1264 This is different from the
1265 .B IP_TTL
1266 option used in Linux.
1267 .PP
1268 Using the
1269 .B SOL_IP
1270 socket options level isn't portable; BSD-based stacks use the
1271 .B IPPROTO_IP
1272 level.
1273 .PP
1274 .B INADDR_ANY
1275 (0.0.0.0) and
1276 .B INADDR_BROADCAST
1277 (255.255.255.255) are byte-order-neutral.
1278 This means
1279 .BR htonl (3)
1280 has no effect on them.
1281 .SS Compatibility
1282 For compatibility with Linux 2.0, the obsolete
1283 .BI "socket(AF_INET, SOCK_PACKET, " protocol )
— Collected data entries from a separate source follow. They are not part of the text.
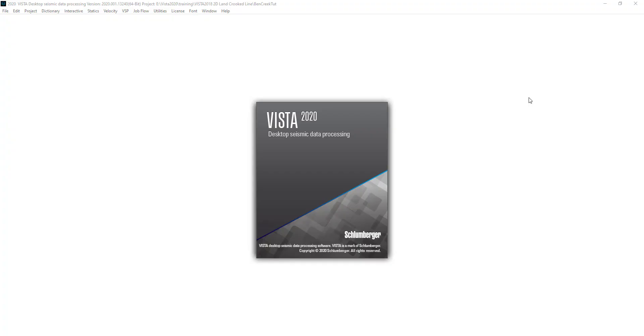Greetings! This is Petro Trace Services channel and in this video we would like to introduce to you the first lecture called Introduction to Seismic Processing. This lecture is the first lecture from the course called Fundamentals of Seismic Data Processing.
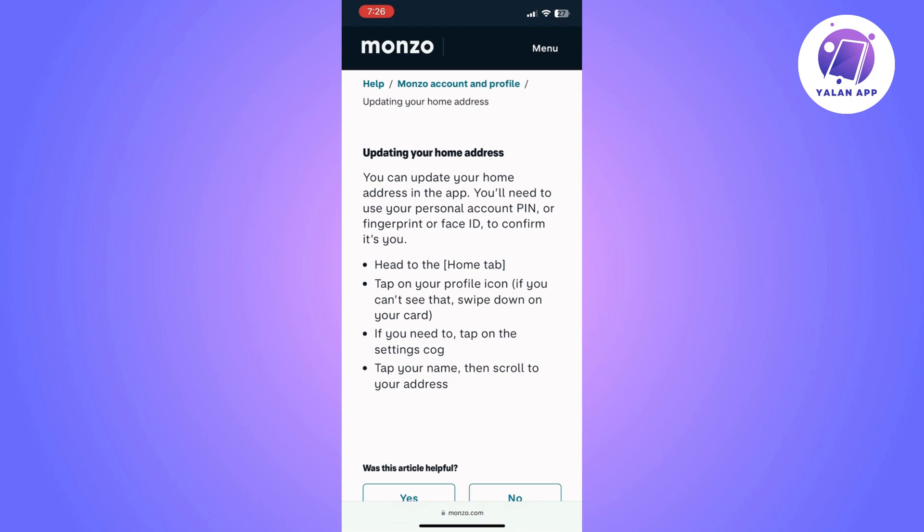Once in Settings, tap your name, then simply scroll to your address and click on it. Change it to the one that you want to add. And that's basically how to change your address on Monzo Bank.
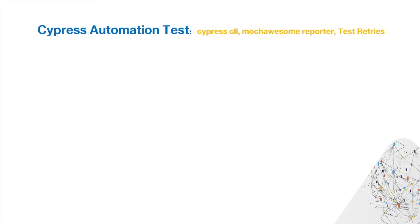In today's video, we're going to talk about running Cypress in command line, using Mocha Awesome reports, and also performing test retries in Cypress automation testing.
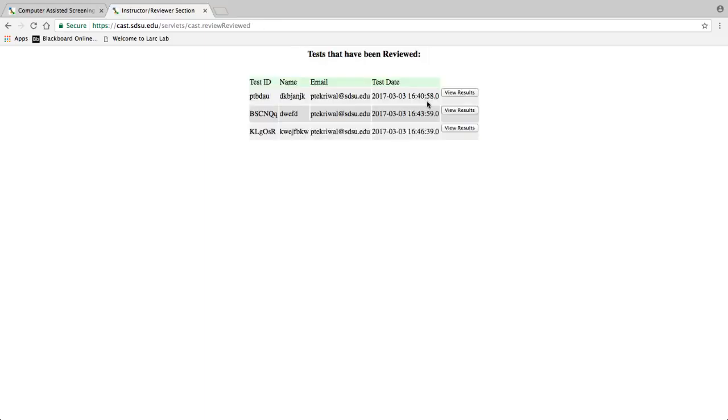All the tests that have been rated, even partially, are displayed here. Click on view results to review a test.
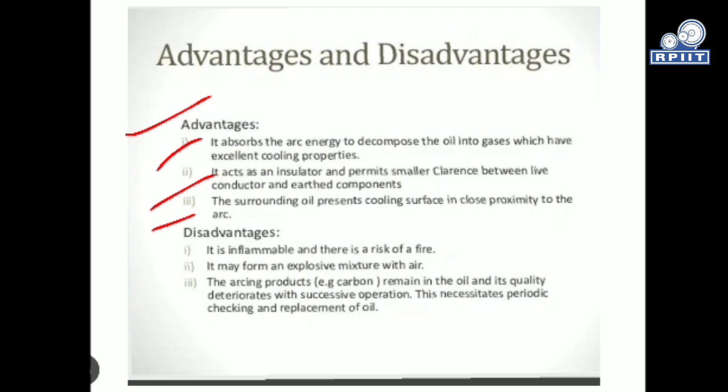The surrounding oil presents a cooling surface in close proximity to the arc, surrounding it and providing cooling properties to the arc production zone.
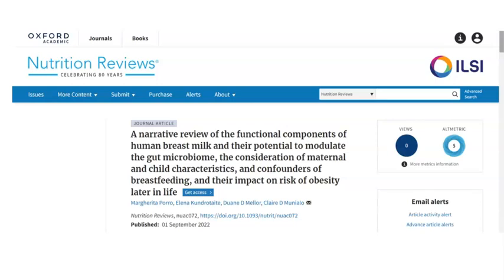Hello and welcome to this episode where I'll be discussing one of the works we have recently published. This is work done in collaboration with my project student, looking at the role of functional components in human breast milk and how they have the potential to modulate the gut microbiome. This has been published in Nutrition Reviews — feel free to read the full article on their website.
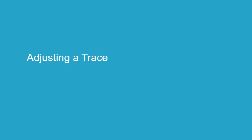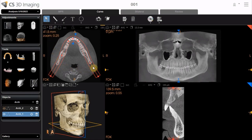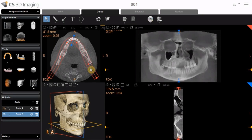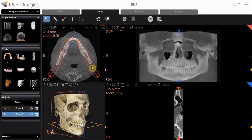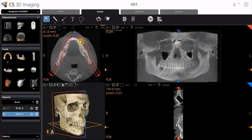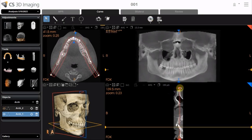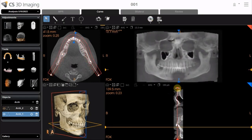Adjusting a Trace. To adjust the position of a trace, activate Select Mode. In the Axial Slice View screen, click and drag directly on the red line to move the entire trace. Or, click and drag an individual control point to adjust part of the trace. You can also adjust the position of the trace by using the red handles in the cross-section view, or by using the mouse scroll wheel function.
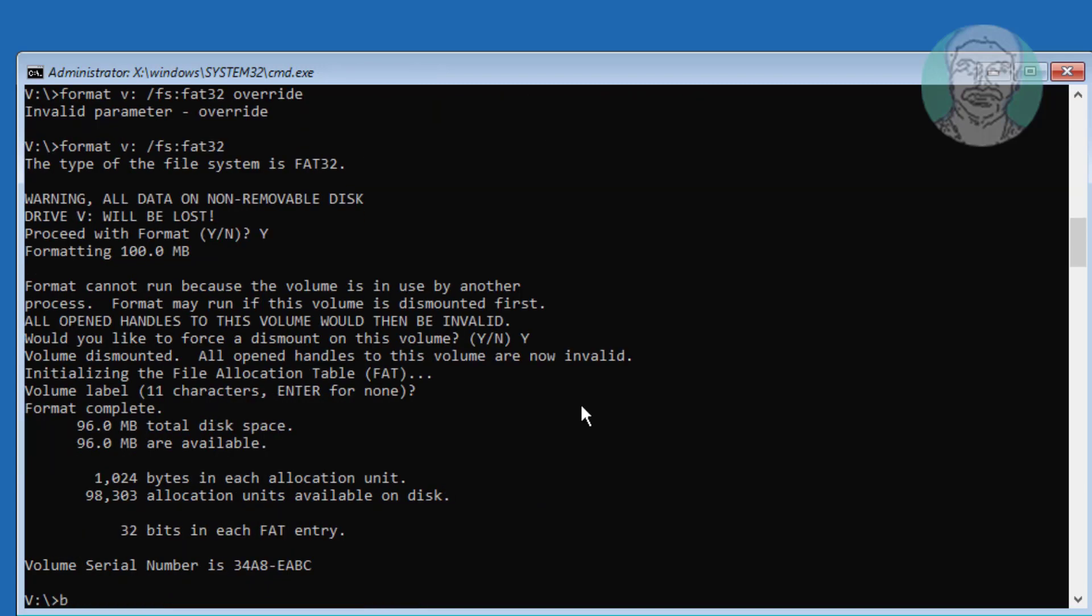Type bcdboot space c colon backslash windows space slash s space v colon space slash f space uefi.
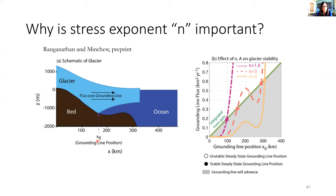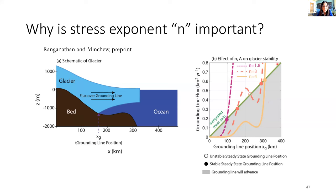Why is it important to think about the stress exponent? A diagram from the preprint by Makana and Minchu shows that when N changes, it can affect the grounding line flux and stability of the grounding line position. In this example, changing N from 3 to 2 or 4 can remove the unstable grounding line, and you may not have actual collapse even on a retrograde slope. So knowing precisely what stress exponent and what rheology best describes the data near the grounding zone areas is quite important.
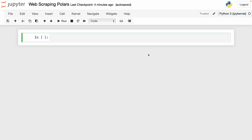Polars is a data frame library for Python that is faster than pandas. Just like pandas, we can use Polars to easily scrape websites. We can read any CSV file published on a website and even extract tables within HTML pages. However, currently there isn't a read_html function in Polars as we do have in pandas, but I'll show you a workaround to turn tables from HTML pages into Polars data frames.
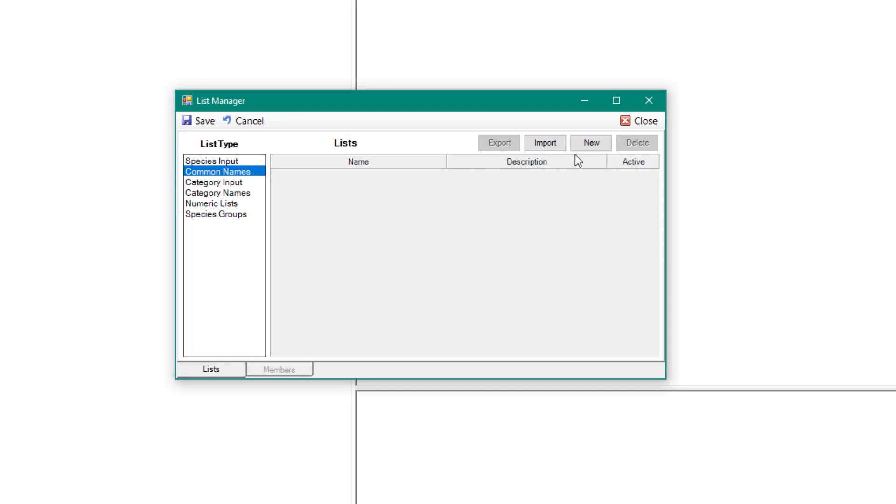The user can create a new list or import an existing list. To create a new list, click New, enter a name and description if desired, then click Save.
1284 syntax is still supported to open a
1285 .BR packet (7)
1286 socket.
1287 This is deprecated and should be replaced by
1288 .BI "socket(AF_PACKET, SOCK_RAW, " protocol )
1289 instead.
1290 The main difference is the new
1291 .I sockaddr_ll
1292 address structure for generic link layer information instead of the old
1293 .BR sockaddr_pkt .
1294 .SH BUGS
1295 There are too many inconsistent error values.
1296 .PP
1297 The error used to diagnose exhaustion of the ephemeral port range differs
1298 across the various system calls
1299 .RB ( connect (2),
1300 .BR bind (2),
1301 .BR listen (2),
1302 .BR sendto (2))
1303 that can assign ephemeral ports.
1304 .PP
1305 The ioctls to configure IP-specific interface options and ARP tables are
1306 not described.
1307 .\" .PP
1308 .\" Some versions of glibc forget to declare
1309 .\" .IR in_pktinfo .
1310 .\" Workaround currently is to copy it into your program from this man page.
1311 .PP
1312 Receiving the original destination address with
1313 .B MSG_ERRQUEUE
1314 in
1315 .I msg_name
1316 by
1317 .BR recvmsg (2)
1318 does not work in some 2.2 kernels.
1319 .\" .SH AUTHORS
1320 .\" This man page was written by Andi Kleen.
1321 .SH SEE ALSO
1322 .BR recvmsg (2),
1323 .BR sendmsg (2),
1324 .BR byteorder (3),
1325 .BR ipfw (4),
1326 .BR capabilities (7),
1327 .BR icmp (7),
1328 .BR ipv6 (7),
1329 .BR netlink (7),
1330 .BR raw (7),
1331 .BR socket (7),
1332 .BR tcp (7),
1333 .BR udp (7),
1334 .BR ip (8)
1335 .PP
1336 RFC\ 791 for the original IP specification.
1337 RFC\ 1122 for the IPv4 host requirements.
1338 RFC\ 1812 for the IPv4 router requirements.